How do you integrate int 1/[(1+x)(1-2x)] using partial fractions?

Mar 16, 2016

$\int \frac{1}{\left(1 + x\right) \left(1 - 2 x\right)} \mathrm{dx}$

= $\frac{1}{3} \ln \left(1 + x\right) - \frac{1}{3} \ln \left(1 - 2 x\right) + c$

Explanation:

To integrate, we should first convert $\frac{1}{\left(1 + x\right) \left(1 - 2 x\right)}$ in to partial fractions.

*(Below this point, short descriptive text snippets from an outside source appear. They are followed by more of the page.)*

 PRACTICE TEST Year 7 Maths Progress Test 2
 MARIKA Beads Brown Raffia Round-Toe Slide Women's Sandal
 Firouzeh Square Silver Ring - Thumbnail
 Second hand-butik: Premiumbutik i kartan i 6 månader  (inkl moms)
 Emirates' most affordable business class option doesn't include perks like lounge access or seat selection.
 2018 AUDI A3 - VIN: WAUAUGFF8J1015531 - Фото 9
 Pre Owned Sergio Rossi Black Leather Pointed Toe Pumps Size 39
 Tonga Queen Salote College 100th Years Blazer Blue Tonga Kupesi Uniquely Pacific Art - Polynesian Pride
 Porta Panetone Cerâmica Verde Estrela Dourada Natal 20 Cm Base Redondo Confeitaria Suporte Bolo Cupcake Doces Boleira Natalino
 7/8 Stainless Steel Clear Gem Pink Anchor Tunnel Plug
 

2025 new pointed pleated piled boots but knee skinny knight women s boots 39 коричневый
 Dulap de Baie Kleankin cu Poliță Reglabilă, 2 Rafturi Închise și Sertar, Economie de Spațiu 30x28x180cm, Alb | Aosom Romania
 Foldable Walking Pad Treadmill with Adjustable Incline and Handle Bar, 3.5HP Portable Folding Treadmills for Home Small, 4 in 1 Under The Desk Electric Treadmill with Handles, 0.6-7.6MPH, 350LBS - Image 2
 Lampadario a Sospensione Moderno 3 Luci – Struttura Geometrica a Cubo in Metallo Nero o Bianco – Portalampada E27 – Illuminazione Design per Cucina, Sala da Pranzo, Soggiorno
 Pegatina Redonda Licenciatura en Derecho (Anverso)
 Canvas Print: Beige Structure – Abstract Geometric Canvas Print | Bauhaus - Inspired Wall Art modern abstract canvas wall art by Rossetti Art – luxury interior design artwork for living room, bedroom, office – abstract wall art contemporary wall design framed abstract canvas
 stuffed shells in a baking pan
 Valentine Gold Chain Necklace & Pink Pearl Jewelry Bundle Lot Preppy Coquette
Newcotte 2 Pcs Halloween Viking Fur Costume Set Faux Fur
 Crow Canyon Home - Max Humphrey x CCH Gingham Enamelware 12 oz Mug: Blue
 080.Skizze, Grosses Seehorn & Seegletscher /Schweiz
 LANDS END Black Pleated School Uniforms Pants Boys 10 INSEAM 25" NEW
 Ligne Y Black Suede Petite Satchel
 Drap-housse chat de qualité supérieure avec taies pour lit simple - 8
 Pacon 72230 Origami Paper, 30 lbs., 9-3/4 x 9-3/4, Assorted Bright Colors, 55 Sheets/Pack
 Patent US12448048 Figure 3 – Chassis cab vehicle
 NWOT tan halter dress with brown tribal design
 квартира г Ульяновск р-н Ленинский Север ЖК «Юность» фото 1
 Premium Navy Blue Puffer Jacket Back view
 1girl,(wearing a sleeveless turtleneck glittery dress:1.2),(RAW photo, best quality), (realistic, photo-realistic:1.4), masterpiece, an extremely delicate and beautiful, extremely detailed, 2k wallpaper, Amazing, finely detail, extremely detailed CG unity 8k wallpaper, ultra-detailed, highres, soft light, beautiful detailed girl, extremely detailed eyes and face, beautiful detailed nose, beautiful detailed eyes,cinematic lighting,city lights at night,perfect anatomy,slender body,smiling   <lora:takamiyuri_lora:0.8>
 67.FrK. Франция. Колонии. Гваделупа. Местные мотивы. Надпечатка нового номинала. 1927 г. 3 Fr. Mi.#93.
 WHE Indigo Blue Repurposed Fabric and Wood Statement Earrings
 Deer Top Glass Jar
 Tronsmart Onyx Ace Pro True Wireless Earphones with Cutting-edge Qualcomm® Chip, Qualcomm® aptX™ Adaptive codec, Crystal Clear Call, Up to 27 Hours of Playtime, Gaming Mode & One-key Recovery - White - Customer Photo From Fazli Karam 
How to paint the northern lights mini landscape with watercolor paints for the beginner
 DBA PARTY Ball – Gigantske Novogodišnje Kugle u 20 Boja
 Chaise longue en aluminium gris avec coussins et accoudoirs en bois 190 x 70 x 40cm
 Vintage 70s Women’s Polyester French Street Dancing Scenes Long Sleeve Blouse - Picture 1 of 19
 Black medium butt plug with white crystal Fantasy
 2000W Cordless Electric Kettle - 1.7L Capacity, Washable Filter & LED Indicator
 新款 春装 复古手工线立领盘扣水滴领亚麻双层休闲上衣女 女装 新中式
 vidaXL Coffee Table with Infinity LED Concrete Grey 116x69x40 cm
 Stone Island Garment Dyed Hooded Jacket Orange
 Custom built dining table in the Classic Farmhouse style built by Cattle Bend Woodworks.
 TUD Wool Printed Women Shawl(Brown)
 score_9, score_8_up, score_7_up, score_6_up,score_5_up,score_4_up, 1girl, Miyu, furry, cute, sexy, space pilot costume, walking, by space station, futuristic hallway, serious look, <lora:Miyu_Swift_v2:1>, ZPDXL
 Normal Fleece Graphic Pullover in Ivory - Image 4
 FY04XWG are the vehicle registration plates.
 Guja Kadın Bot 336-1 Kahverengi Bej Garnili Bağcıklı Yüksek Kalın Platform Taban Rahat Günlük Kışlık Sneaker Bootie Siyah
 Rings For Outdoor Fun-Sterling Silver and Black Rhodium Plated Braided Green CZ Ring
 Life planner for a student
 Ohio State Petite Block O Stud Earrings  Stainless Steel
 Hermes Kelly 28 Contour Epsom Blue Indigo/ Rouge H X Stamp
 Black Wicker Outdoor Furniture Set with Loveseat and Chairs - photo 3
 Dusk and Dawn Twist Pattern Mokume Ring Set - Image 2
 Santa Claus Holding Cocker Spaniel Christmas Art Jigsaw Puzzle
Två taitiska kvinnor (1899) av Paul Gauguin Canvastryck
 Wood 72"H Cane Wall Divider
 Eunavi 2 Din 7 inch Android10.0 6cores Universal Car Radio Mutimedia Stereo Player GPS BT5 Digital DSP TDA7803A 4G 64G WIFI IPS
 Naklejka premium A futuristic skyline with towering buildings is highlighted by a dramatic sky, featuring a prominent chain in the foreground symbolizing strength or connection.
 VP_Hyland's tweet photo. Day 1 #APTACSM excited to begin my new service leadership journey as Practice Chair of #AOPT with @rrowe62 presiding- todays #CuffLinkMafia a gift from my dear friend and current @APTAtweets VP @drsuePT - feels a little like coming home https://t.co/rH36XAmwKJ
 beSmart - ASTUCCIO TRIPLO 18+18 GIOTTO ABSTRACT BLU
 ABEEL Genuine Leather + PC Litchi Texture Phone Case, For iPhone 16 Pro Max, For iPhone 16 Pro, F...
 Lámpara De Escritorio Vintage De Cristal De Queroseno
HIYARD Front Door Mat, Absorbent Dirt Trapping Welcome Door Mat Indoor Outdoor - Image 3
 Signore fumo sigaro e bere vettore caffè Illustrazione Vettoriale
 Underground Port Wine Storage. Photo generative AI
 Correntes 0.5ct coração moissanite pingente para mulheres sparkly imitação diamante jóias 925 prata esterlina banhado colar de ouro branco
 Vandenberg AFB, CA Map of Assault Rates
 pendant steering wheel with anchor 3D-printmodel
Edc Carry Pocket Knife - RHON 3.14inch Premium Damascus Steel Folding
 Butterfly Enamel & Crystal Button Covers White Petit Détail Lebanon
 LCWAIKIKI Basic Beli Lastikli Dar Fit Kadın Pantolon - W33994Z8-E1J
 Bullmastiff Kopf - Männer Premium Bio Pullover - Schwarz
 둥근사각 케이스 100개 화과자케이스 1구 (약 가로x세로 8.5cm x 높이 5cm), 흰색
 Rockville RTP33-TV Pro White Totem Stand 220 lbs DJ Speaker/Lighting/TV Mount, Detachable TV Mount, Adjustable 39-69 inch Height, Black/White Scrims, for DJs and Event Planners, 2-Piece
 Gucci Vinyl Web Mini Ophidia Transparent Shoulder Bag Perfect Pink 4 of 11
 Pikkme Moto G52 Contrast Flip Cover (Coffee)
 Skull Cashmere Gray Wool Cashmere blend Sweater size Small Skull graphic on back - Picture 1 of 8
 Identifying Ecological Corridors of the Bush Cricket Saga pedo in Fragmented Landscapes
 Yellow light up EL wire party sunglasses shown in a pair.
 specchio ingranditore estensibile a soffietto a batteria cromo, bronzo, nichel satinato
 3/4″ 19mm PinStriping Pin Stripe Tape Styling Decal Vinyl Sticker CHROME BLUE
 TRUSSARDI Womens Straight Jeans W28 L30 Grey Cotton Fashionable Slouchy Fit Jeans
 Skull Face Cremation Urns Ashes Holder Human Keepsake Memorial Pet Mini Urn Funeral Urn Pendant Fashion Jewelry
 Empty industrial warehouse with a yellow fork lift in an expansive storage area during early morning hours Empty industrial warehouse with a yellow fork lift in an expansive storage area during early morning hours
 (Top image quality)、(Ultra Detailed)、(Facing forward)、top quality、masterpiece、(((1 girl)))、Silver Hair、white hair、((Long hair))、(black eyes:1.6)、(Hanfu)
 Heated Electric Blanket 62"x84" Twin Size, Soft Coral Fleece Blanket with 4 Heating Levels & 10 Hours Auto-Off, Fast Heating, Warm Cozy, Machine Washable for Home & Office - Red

Let

$\frac{1}{\left(1 + x\right) \left(1 - 2 x\right)} \Leftrightarrow \frac{A}{1 + x} + \frac{B}{1 - 2 x}$. Simplifying RHS

=[A(1-2x)+B(1+x)]/((1+x)(1-2x) or

=[A-2Ax+B+Bx]/((1+x)(1-2x)

=$\frac{\left(B - 2 A\right) x + \left(A + B\right)}{\left(x + 3\right) \left(x - 7\right) \left(x + 4\right)}$

Hence $B - 2 A = 0$, $A + B = 1$ or $A = 1 - B$

Hence $B - 2 \left(1 - B\right) = 0$ or $3 B = 2$ or

$B = \frac{2}{3}$ and hence $A = \frac{1}{3}$

Hence $\frac{1}{\left(1 + x\right) \left(1 - 2 x\right)} \Leftrightarrow \frac{1}{3 \left(1 + x\right)} + \frac{2}{3 \left(1 - 2 x\right)}$

Hence $\int \frac{1}{\left(1 + x\right) \left(1 - 2 x\right)} \mathrm{dx}$ =

$\int \left[\frac{1}{3 \left(1 + x\right)} + \frac{2}{3 \left(1 - 2 x\right)}\right] \mathrm{dx}$

Now one can use the identity $\int \left(\frac{1}{a x + b}\right) \mathrm{dx} = \frac{1}{a} \ln \left(a x + b\right)$

Hence, $\int \left[\frac{1}{3 \left(1 + x\right)} + \frac{2}{3 \left(1 - 2 x\right)}\right] \mathrm{dx}$

= $\frac{1}{3} \ln \left(1 + x\right) + \frac{2}{3} \times \left(- \frac{1}{2}\right) \ln \left(1 - 2 x\right) + c$

= $\frac{1}{3} \ln \left(1 + x\right) - \frac{1}{3} \ln \left(1 - 2 x\right) + c$